Unicode support

agree at carltonfields.com agree at carltonfields.com
Wed Sep 22 16:37:30 UTC 1999


> -----Original Message-----
> From: MIME :rowledge at interval.com > Sent: Wednesday, September 22, 1999 12:01 PM
> To: squeak at cs.uiuc.edu
> Subject: Re: Unicode support
> > > On Tue 21 Sep, Andrew C. Greenberg wrote:
> > > A newbie recently asked how to compute the equivalent of:
> > > 	word 4 of line 7
> > > and
> > > 	set word 4 of line 7 to "foobar"
> I haven't been tracking this discussion too thoroughly, but > the above point
> filtered through even though I haven't yet been caffeinated > this morning.
> My claim is that the above sorts of action have nothing to do > with String.
> Strings do not have lines, nor even words. Paragraphs (or just maybe
> FormattedSentences) have lines and words. A String is just a > long list of
> characters. Linebreaks, words etc only have meaning once the string is
> formatted as part of a larger document-like concept.

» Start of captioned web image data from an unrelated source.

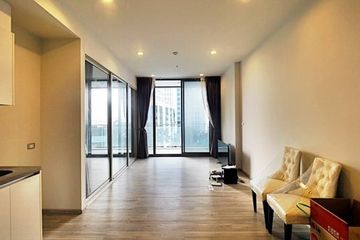 1 Bedroom Condo for sale in Baan Plai Haad - Pattaya, Na Kluea, Chonburi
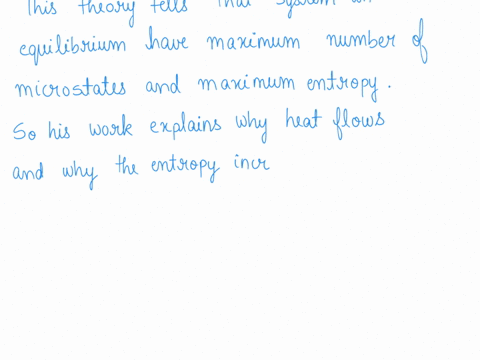 true-or-false-sir-isaac-newton-discovered-the-extraordinary-mathematics-of-calculus-as-well-as-a-law-of-universal-gravitation-which-tells-us-the-strength-of-the-gravitational-force-between-t-18935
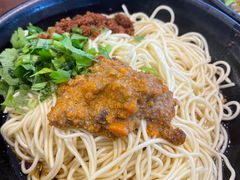 -绅士餐厅龙虾·烧烤(西门路店)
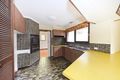 Property photo of 557 Waverley Road Glen Waverley VIC 3150
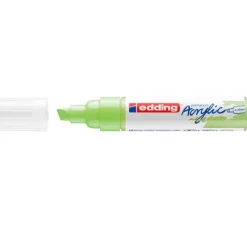edding 5000 Acrylic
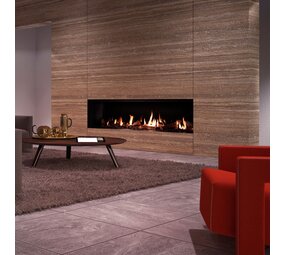 Dru DRU Metro 200XT Eco Wave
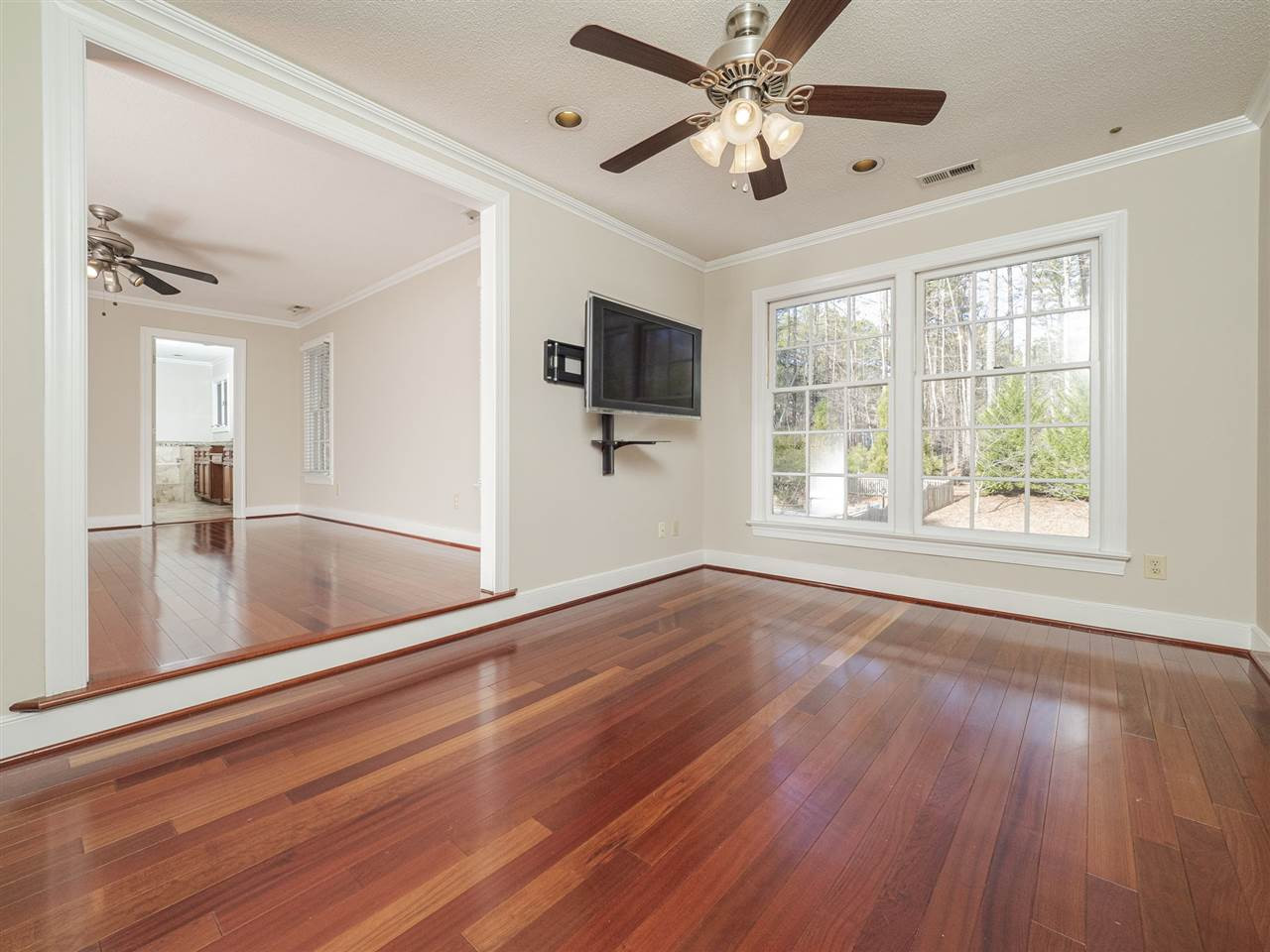 10709 Winding Wood Trail Raleigh, NC 27613 - Photo 15 of 30 Photo 15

This makes sense to me.  However, there exist certain underlying operations that may be performed on strings to facilitate such computations that may well be string-like.  I raised this example to investigate what those underlying operations are or should be (beyond the obvious single-character and substring reads and writes).  Should indexing be a part of the protocol?  Searching?  (that is, beyond the general collection facilities)?  How about tokenizing with respect to certain delimiters (or predicates) and related operations?

While I agree that "words" per se, are a semantic or syntactic notion not inherent in the mere linear aggregation of characters; perhaps less structure-imposing operations, such as the tokenizing operations are appropriate?